Loading and Processing Documents with LangChain

Introduction​

LangChain provides powerful tools for loading various document formats like Markdown, HTML, and PDF into a common representation that enables downstream natural language processing tasks. This guide covers the key concepts and includes concrete examples for real-world usage.

Loading Markdown​

Markdown is a popular lightweight markup language used for formatting plain text documents.
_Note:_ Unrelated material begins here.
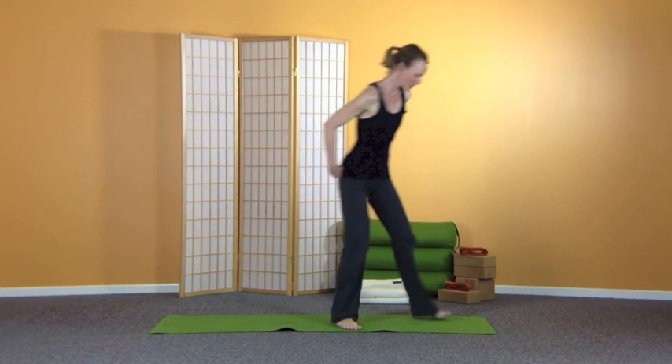Hi there, welcome to YogaPad and welcome to your 10 minute mini sequence for the month. This month we've been working with the Ashtanga yoga practice, which is a beautiful practice. It usually takes about an hour and a half or maybe even two hours to do the full practice, so we're going to attempt to condense it really quickly into 10 minutes. Let's see how we go.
LangChain provides easy loading of Markdown through the UnstructuredMarkdownLoader:

from langchain.document_loaders import UnstructuredMarkdownLoader

markdown_path = "README.md"
loader = UnstructuredMarkdownLoader(markdown_path)

data = loader.load()

The load() method parses the Markdown and returns a list of Document objects containing the content.

For example, loading the LangChain README:

data

[Document(page_content="# LangChain\n\n🎊 Building applications with LLMs through composability 🎊\n\n...",
metadata={'source': 'README.md'})]

The page_content contains the full extracted text. The metadata includes the source path.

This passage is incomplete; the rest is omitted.